When and How to Consolidate Your Debt
Written by Fiona Gu   


Debt consolidation can bring about convenience into your life. Instead of paying twenty creditors who charge different rates at various times of the month, you can obtain one big loan to pay off all of the twenty accounts at once. After that, only one monthly payment is necessary. However, please keep in mind that the success rate of debt consolidation is less than 40%.

The benefits of unsecured debt consolidation loans include:
  • Convenience: You can pay all your unsecured bills, such as credit cards, payday loans, and medical bills, all at once. So, you only have one loan and an affordable payment plan.
  • Less stress: Reduce your stress associated to dealing with numerous creditors.
  • No more collection calls: Debt consolidation loans can take care of your payments, so you no longer would receive calls and letters from creditors and collection agencies.
  • Low interest rate: Unsecured debt consolidation loan have lower interest rates than the ones on your credit cards. As a result, your monthly payments would be lower.
  • Long term loan: Debt consolidation loans usually have a longer term than regular loans. Low interest rates and long terms are what make your monthly payments lower than the normal loans.
  • Easy budgeting: No more hassles dealing with multiple bills. One easy manageable payment would make budgeting easier.
  • Improve your credit score: When you pay back your bills with one debt consolidation loan, it would help to improve your credit score.
The drawbacks of debt consolidation loans include:
  • Long term loan: The longer repayment term on unsecured debt consolidation loans could be a disadvantage because you actually pay more in total interests at the end.
  • No tax benefit: Interests on personal loans are not tax deductible.
When choosing a debt consolidation loan, you should follow the tips below:
  • Research and look around: Shop around with different financial institutions to see which company provides you with the least monthly installment. You could try to negotiate a lower interest rate with that company. Also, research about the company’s profile and background. According to author of “The Get out of Debt Kit,” credit unions are more lenient than banks. 

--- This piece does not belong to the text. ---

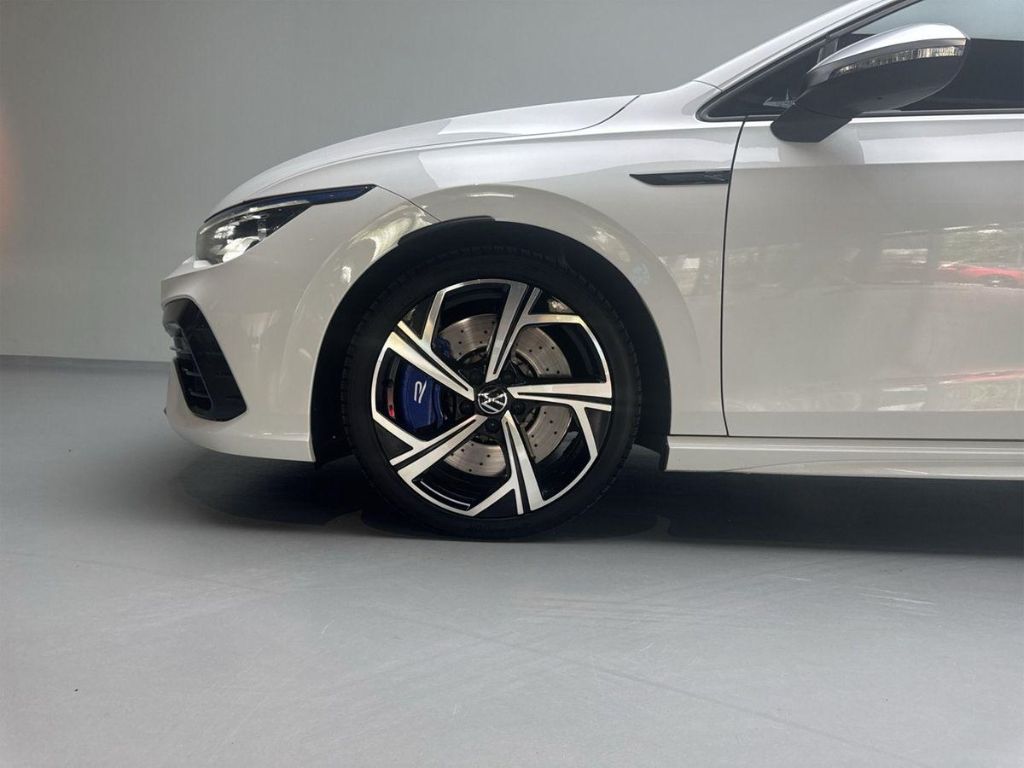 Volkswagen Golf R Variant - Bild 7 von 15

  • Be aware of the costs: You should know the costs break down before you sign any documents.
  • Calculate the interest rate and fees: Before you decide to debt consolidate, you need to make sure that the costs of the new, bundled loan is lower than your current fees. Calculate the interest and fees on all your current accounts, and compare it to the costs of debt consolidation. Debt consolidation does not guarantee you to have the lowest available interest rate, and your creditor could increase the rate if there is nothing to secure your loan.
Qualifications
You need to have a good credit score and income in order to be eligible for unsecured debt consolidation. The main objective is to ensure that you can make payments on the consolidation loan on top of paying back your monthly bills and spending.